Work task: Below are some records. Write out the lines from the one containing "덕신 빨대컵 300ml" to the last line, word for word, leaving out pictures.

(Short descriptive text snippets)
------------
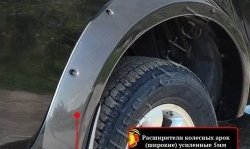 23 999 р. Накладки на колёсные арки RA (усиленные) Mitsubishi L200 4  дорестайлинг (2006-2014) (Плверхность глянец (подд окраску), Неокрашенные)  с доставкой в г. Майкоп. Увеличить фотографию 3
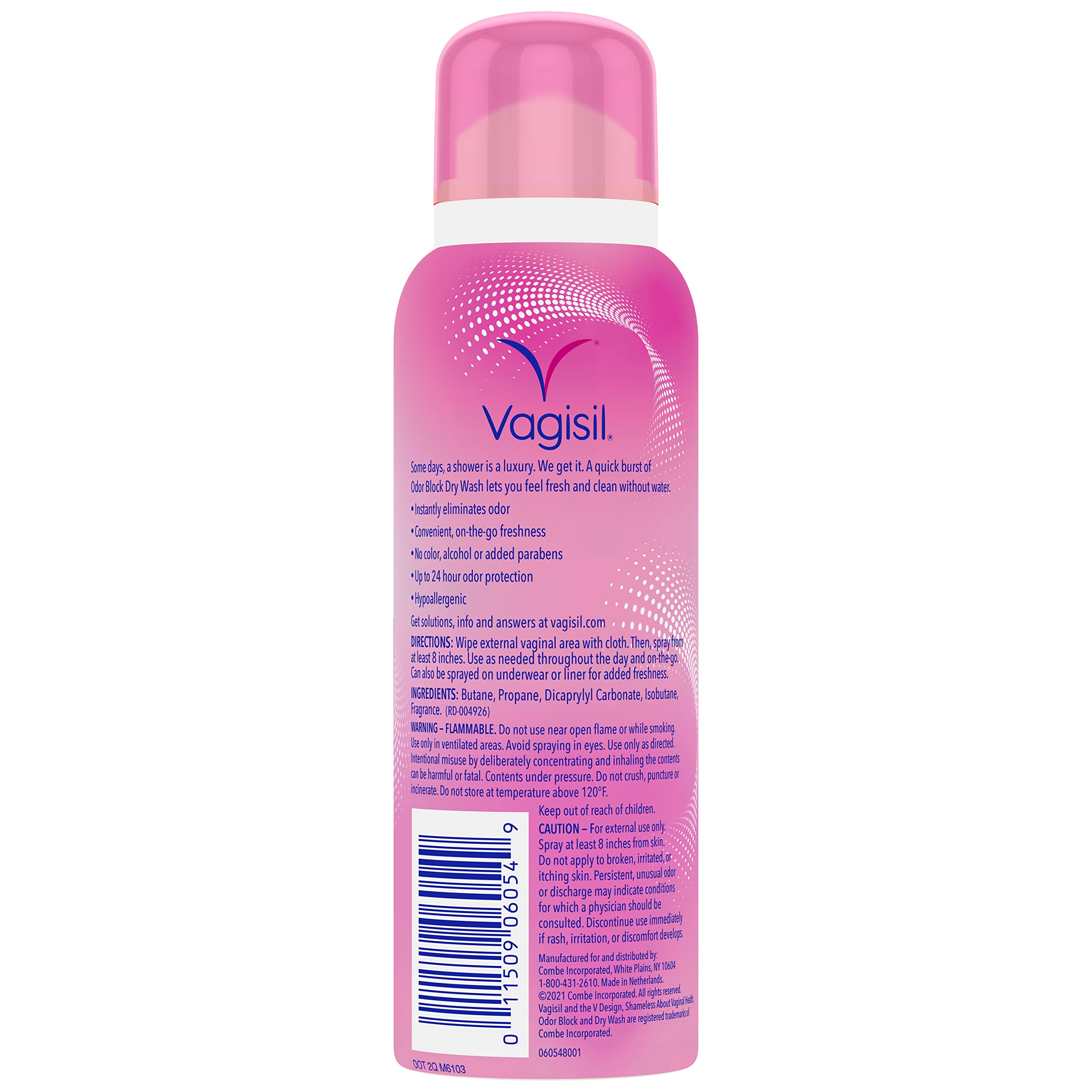 Vagisil Odor Block Dry Wash Spray for Feminine Hygiene, Gynecologist Tested, Hypoallergenic, 2.6 Ounces VagisilAu supplements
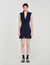 Short pleated suit dress
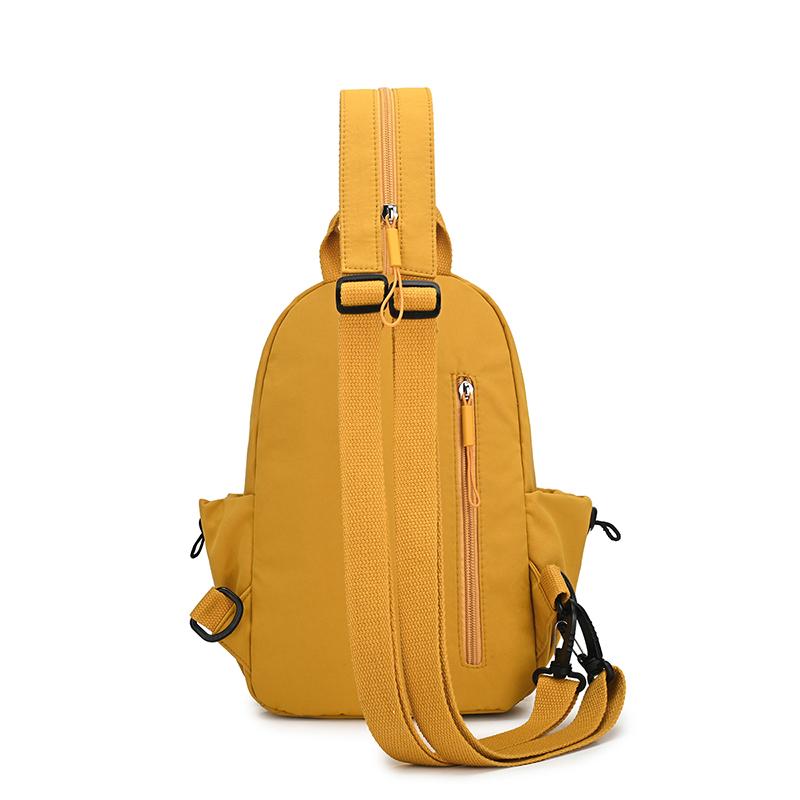 Sac à dos multifonctionnel pour femme Grande capacité Sac bandoulière poitrine pour extérieur et trajet
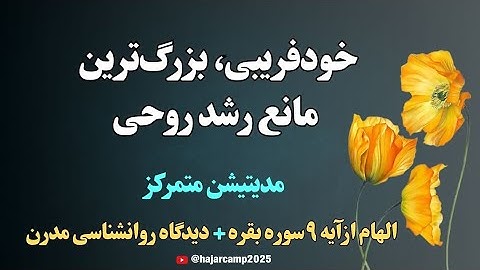 مدیتیشن آیه۹ سوره بقره|خود فریبی،بزرگترین مانع رشد روحی|قرآن|زیبایی|دانایی|نیکوئی|الهی قمشه ای|عرفان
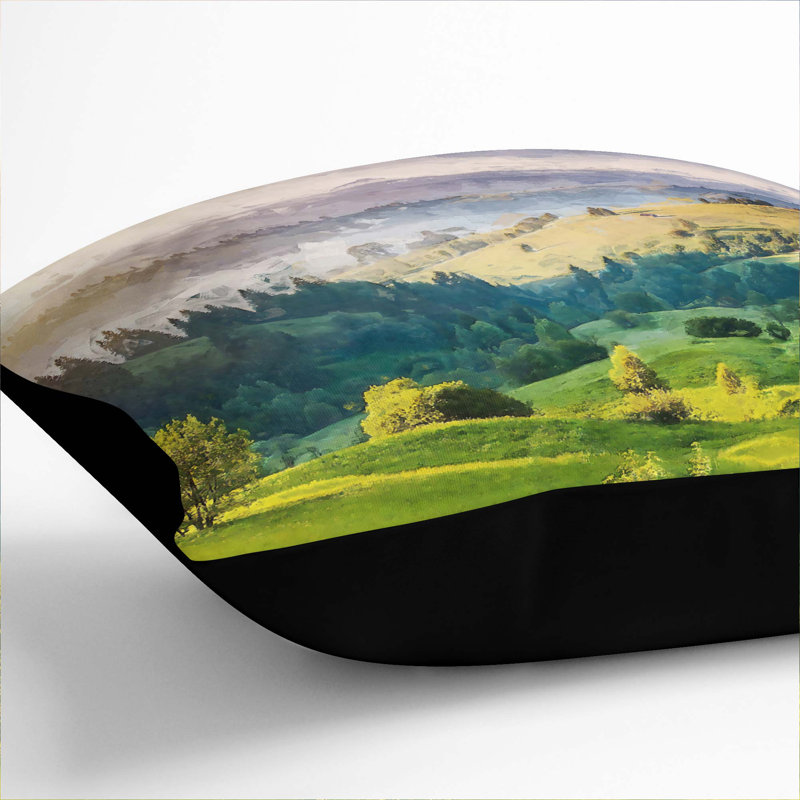 Square Cushion, 55cm H x 55cm W x 20cm D, Black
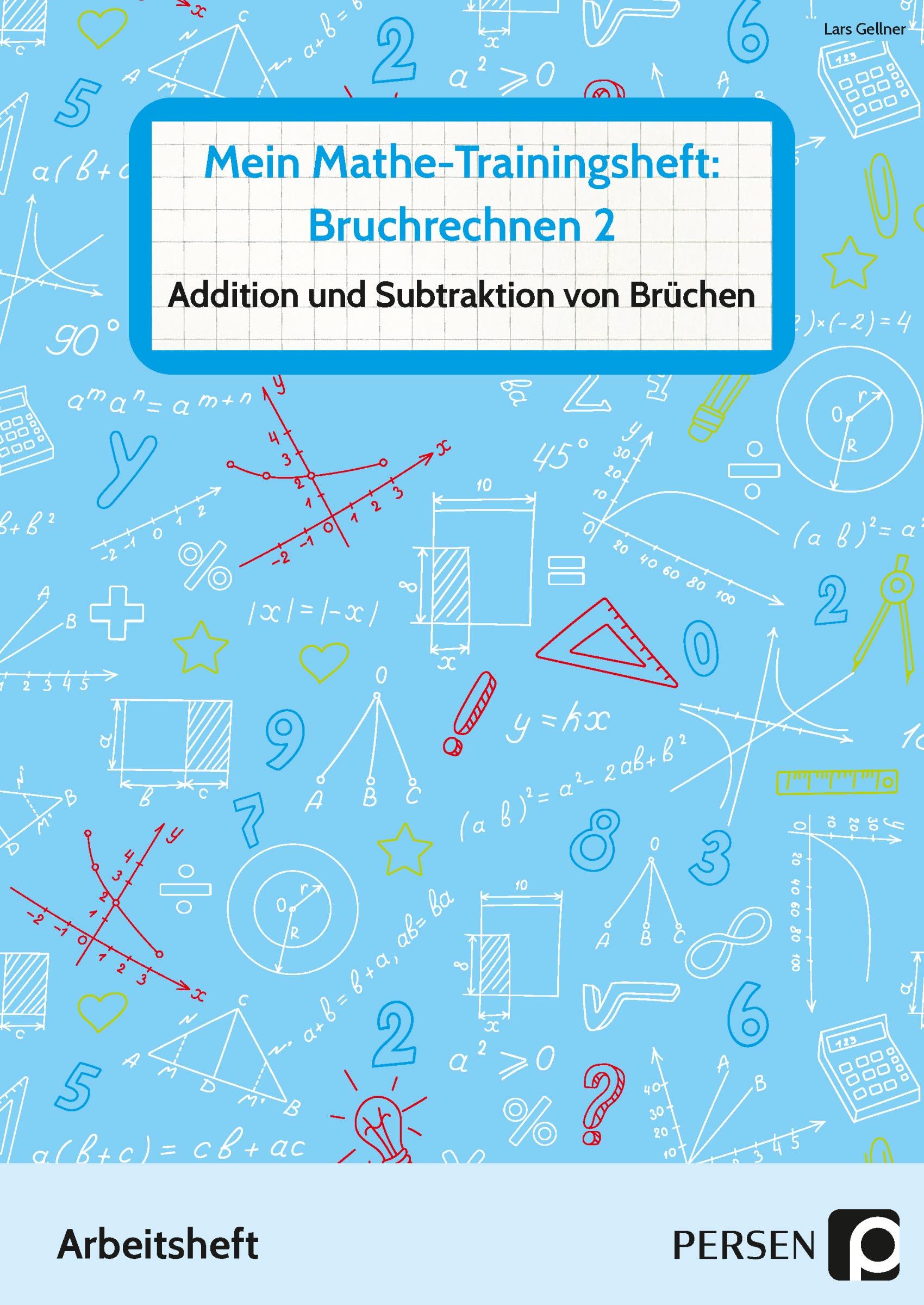 Vorderes Coverbild Mein Mathe-Trainingsheft: Bruchrechnen 2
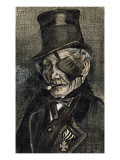 Orphan Man in Sunday with Eye Bandage Posters par Vincent van Gogh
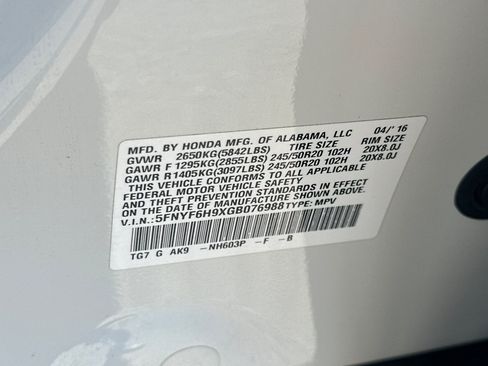 Used 2016 Honda Pilot Touring image 40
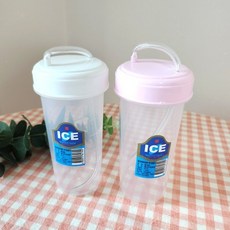 덕신 빨대컵 300ml 1392 / 가벼운 요양원 물컵 흘림방지 환자용물컵 병원 랜덤발송, 2개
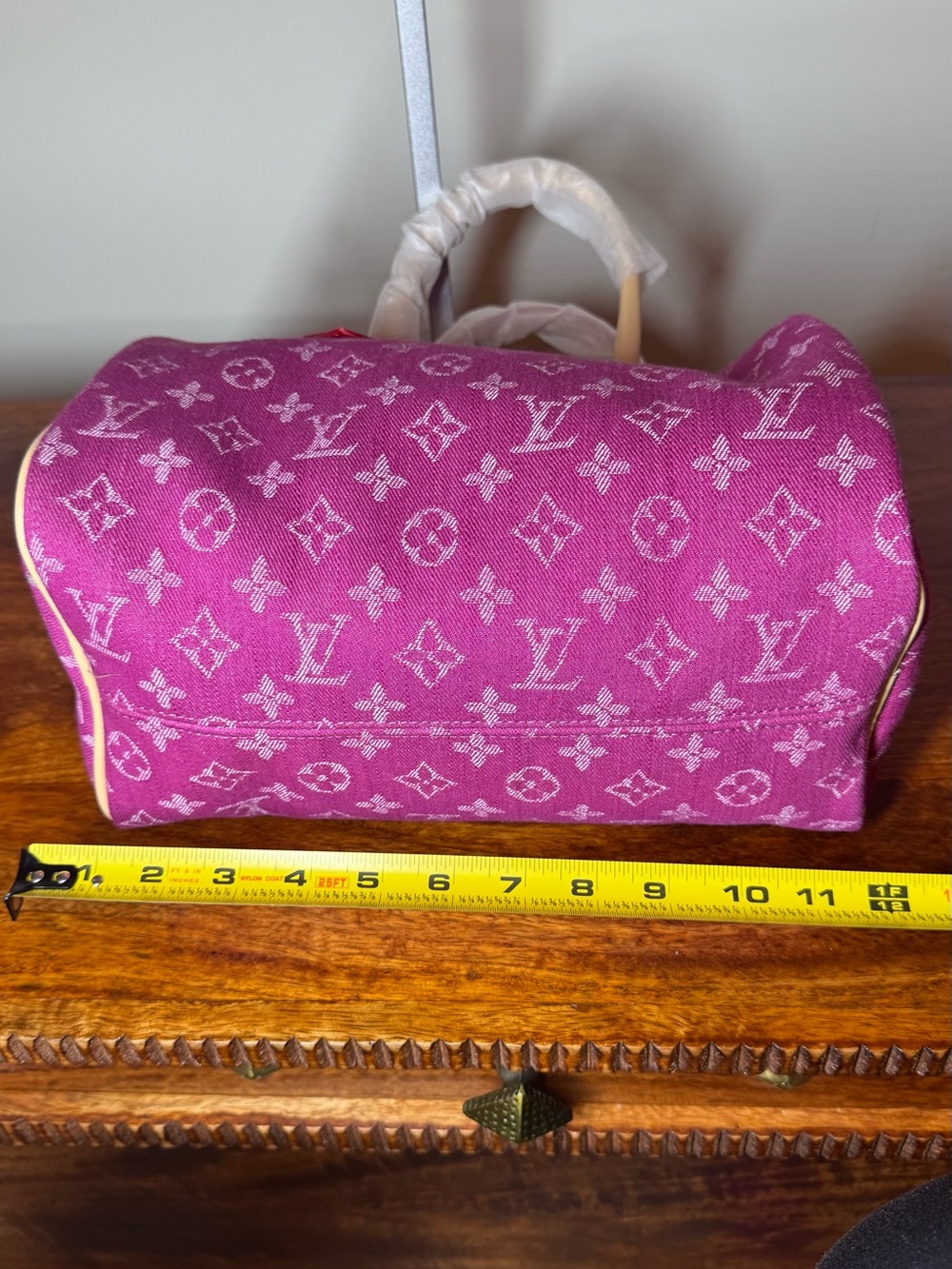 Hot Pink/Fuchsia Canvas Satchel Bag. No Brand. - Picture 7 of 11
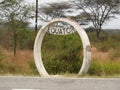 Equator Uganda Royalty Free Stock Photo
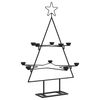 vidaXL Kerstdecoratie kerstboom 75 cm metaal zwart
------------
Solution:
 덕신 빨대컵 300ml 1392 / 가벼운 요양원 물컵 흘림방지 환자용물컵 병원 랜덤발송, 2개
 Hot Pink/Fuchsia Canvas Satchel Bag. No Brand. - Picture 7 of 11
 Equator Uganda Royalty Free Stock Photo
 vidaXL Kerstdecoratie kerstboom 75 cm metaal zwart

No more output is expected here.